Meno intensa è proprio la parte in cui il desiderio diventa realtà, la passione vissuta sembra un po’ scontata, le gite in montagna e le scene a Bergamo del tutto gratuite.
A parte il bravissimo Thimothée Chalamet, gli altri personaggi, e i rispettivi interpreti ,sono tutti un po’ fuori posto. I genitori di Elio erano assolutamente poco credibili come personaggi e poco azzeccati fisicamente, specialmente il padre. Ma perfino Oliver non era convincente, poco statuario per essere considerato una bellezza classica (uno stampellone con gambe troppo secche e Troppo lunghe) troppo poco ambiguo. Gli ospiti dei Perlman sono al limite del grottesco, la vecchia coppia gay è un po’ caricata ma anche la coppia etero di intellettuali che straparlano del pentapartito a guida socialista e della morte di Buuel. Un voluto occhiolino alla TV dove Beppe Grillo comico fa il verso a Craxi. Forzata anche la partita a carte di Oliver nel bar di provincia. Qua e là qualche piccola sbavatura del montaggio come un pezzo di musica tagliato un po’ bruscamente per un cambio scena o le curve della montagna attorno a Clusone, Bergamo, che sembrerebbe esser percorso in pullman.
Insomma Chiamami con il tuo nome è un film edonista che vorrebbe essere un tributo ai vari illustri maestri cui guarda Guadagnino: Bertolucci, Rohmer, Renoir, Visconti.
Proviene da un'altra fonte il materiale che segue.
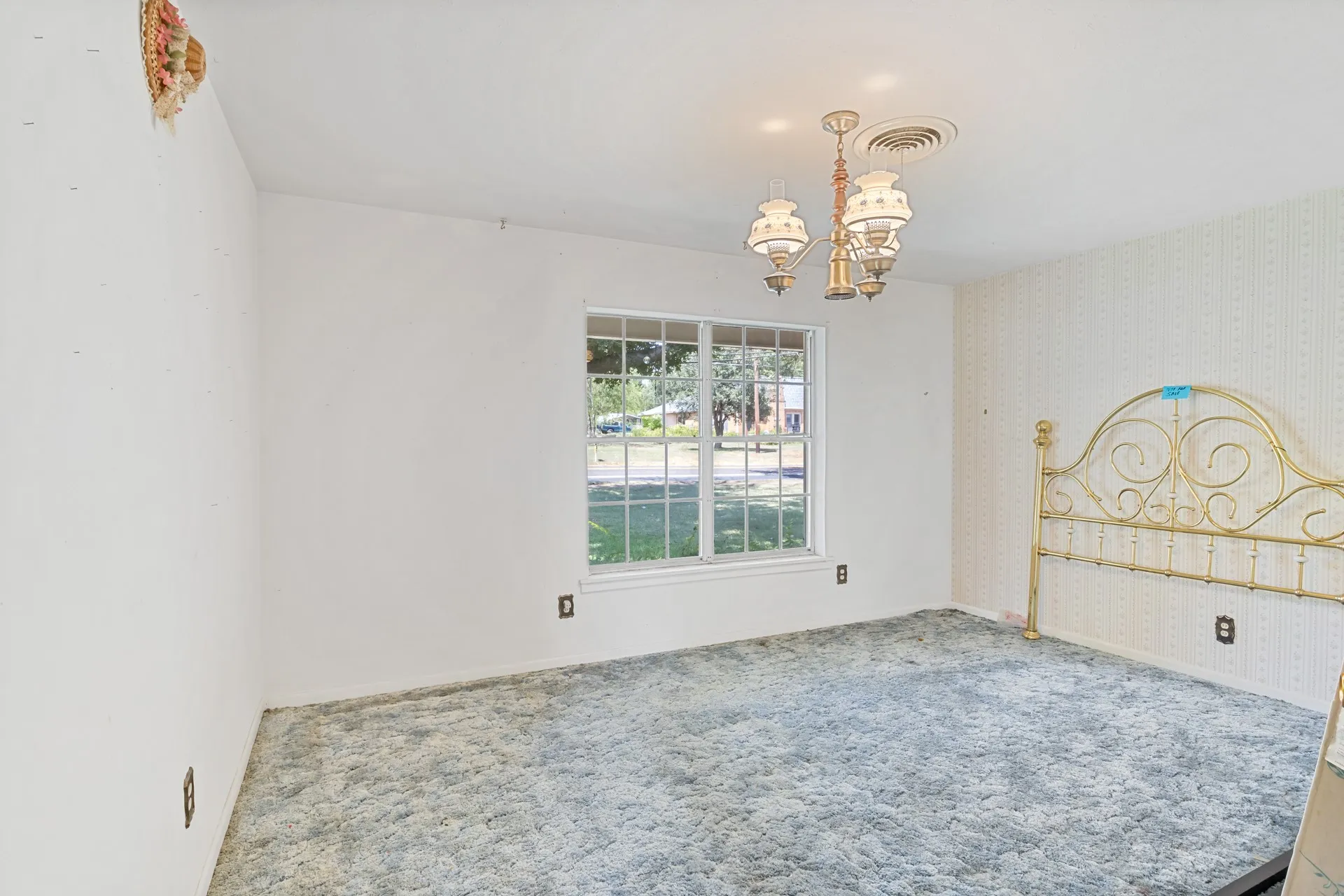 Single Family Residence For Sale in Cass County , 717 E FIRST Street, Hughes Springs, Texas 75656, 4 Bedroom, 2 Bathroom, Garage spaces, 3,034 Sqft, built in 1960, mls#21361688, Real Estate Agent in Hughes Springs, Homes For Sale in Cass county, Homes For Sale in Hughes Springs, Realtor in Hughes Springs Texas, Real Estate Brokerage Independent Realty Texas, Luminita Cordes Realtor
La sceneggiatura è tratta dal romanzo di André Aciman, e Guadagnino l’ha scritta con James Ivory e Walter Fasano. Il film probabilmente piacerà più agli americani sempre in cerca di stereotipi italiani. Mi chiedo però se non fosse stato meglio per rappresentare l’Italia, mostrare le bellezze del territorio umbro o marchigiano (per non volere abusare della regione toscana) invece della pianura padana lombarda!